■ **Exercise instructions**: The line with "Corte 1 Light" through the last line of the entries: give these again exactly, and only these, without any pictures.

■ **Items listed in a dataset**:
|---|
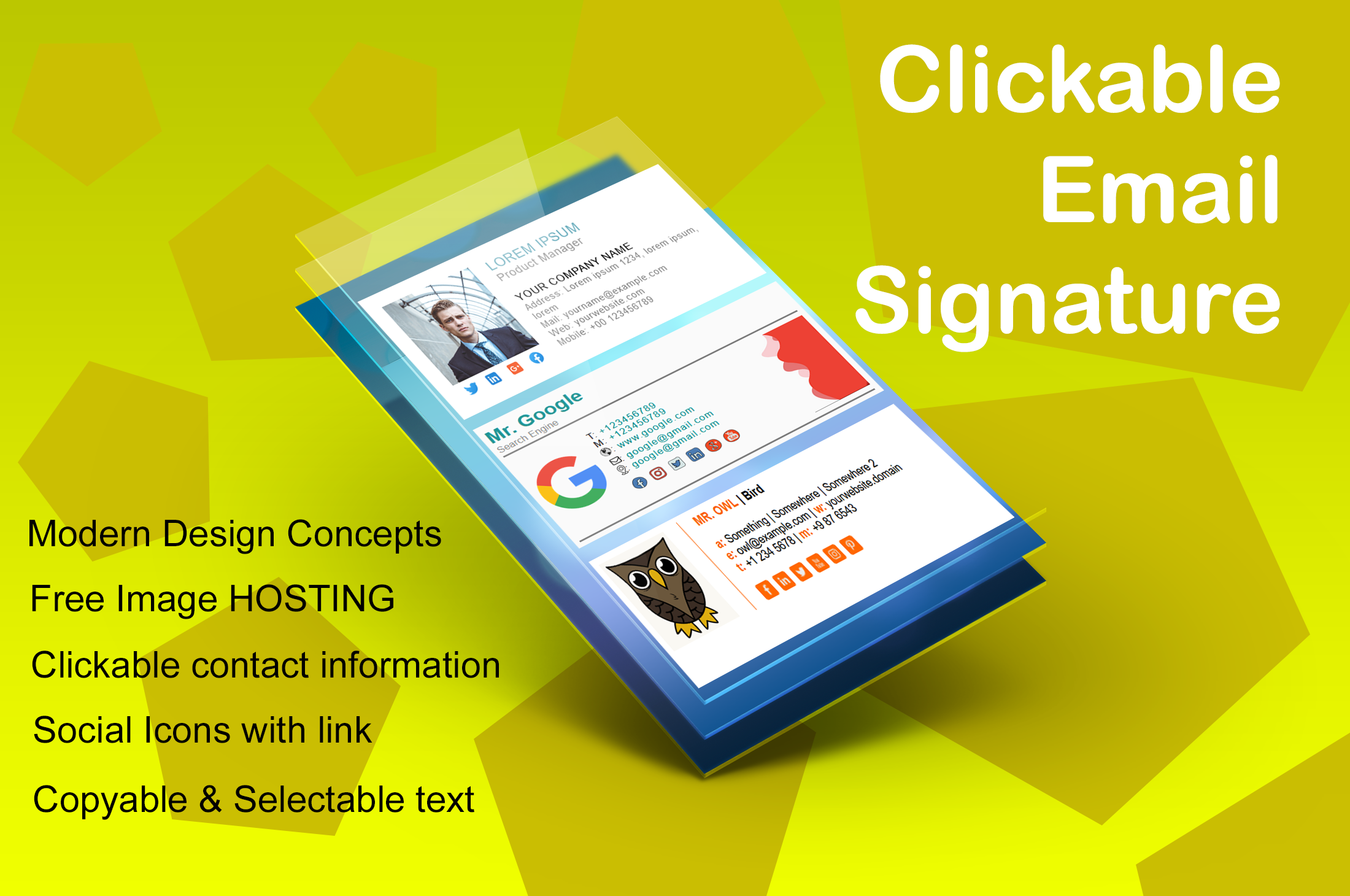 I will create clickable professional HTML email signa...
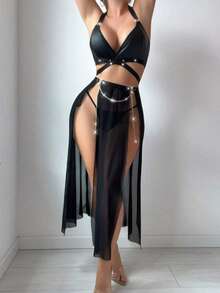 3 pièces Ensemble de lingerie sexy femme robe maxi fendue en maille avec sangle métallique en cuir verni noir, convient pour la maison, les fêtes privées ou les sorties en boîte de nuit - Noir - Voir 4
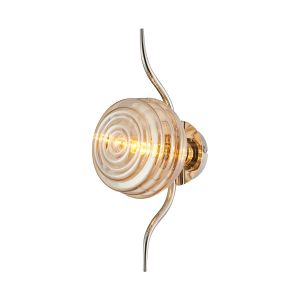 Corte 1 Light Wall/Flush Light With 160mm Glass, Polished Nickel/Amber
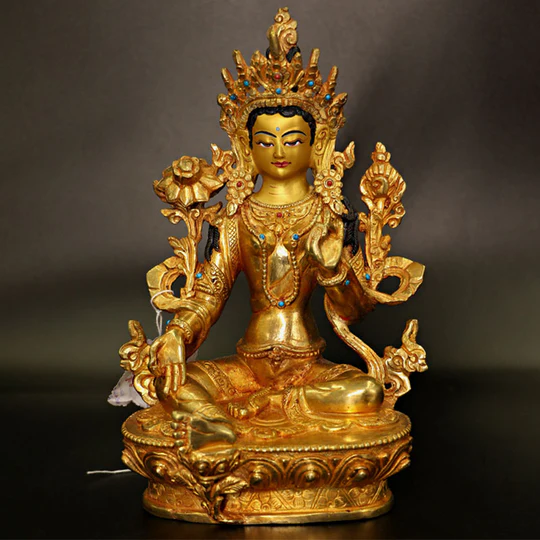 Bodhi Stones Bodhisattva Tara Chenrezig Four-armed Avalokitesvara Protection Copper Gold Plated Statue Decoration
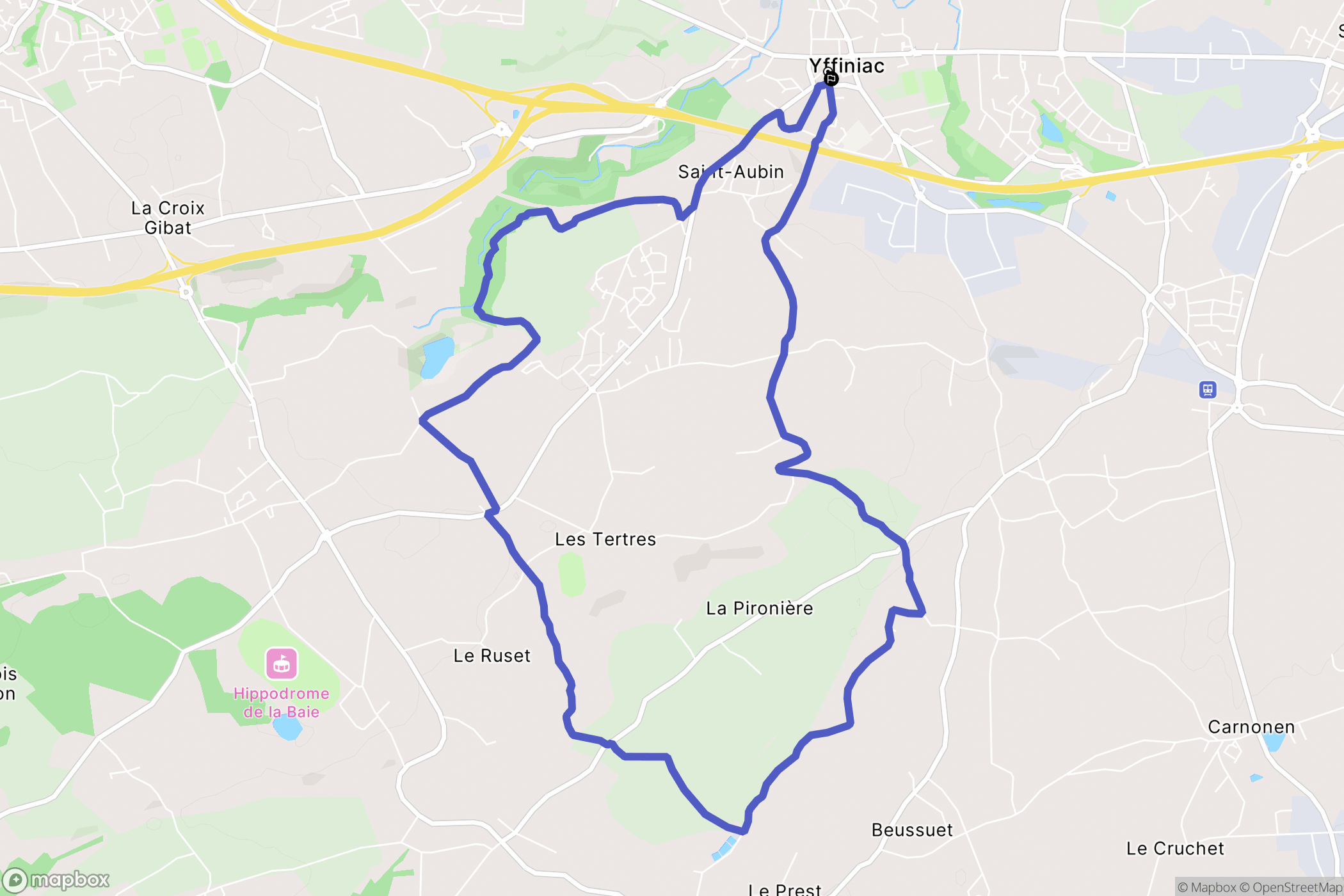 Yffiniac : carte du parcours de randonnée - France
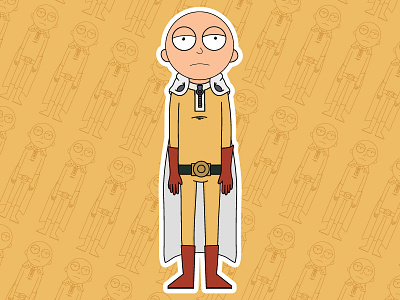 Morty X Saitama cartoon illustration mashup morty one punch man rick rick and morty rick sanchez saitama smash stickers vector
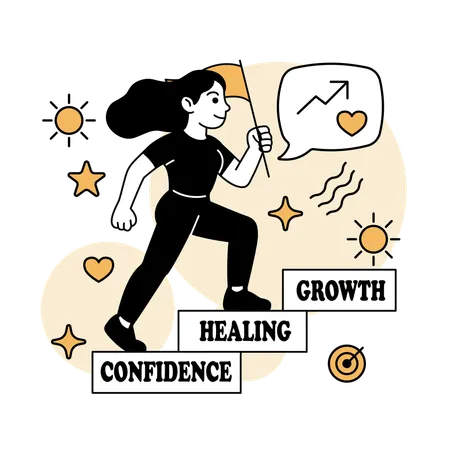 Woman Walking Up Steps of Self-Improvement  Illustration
|---|
■ **Solution for this problem**:
 Corte 1 Light Wall/Flush Light With 160mm Glass, Polished Nickel/Amber
 Bodhi Stones Bodhisattva Tara Chenrezig Four-armed Avalokitesvara Protection Copper Gold Plated Statue Decoration
 Yffiniac : carte du parcours de randonnée - France
 Morty X Saitama cartoon illustration mashup morty one punch man rick rick and morty rick sanchez saitama smash stickers vector
 Woman Walking Up Steps of Self-Improvement  Illustration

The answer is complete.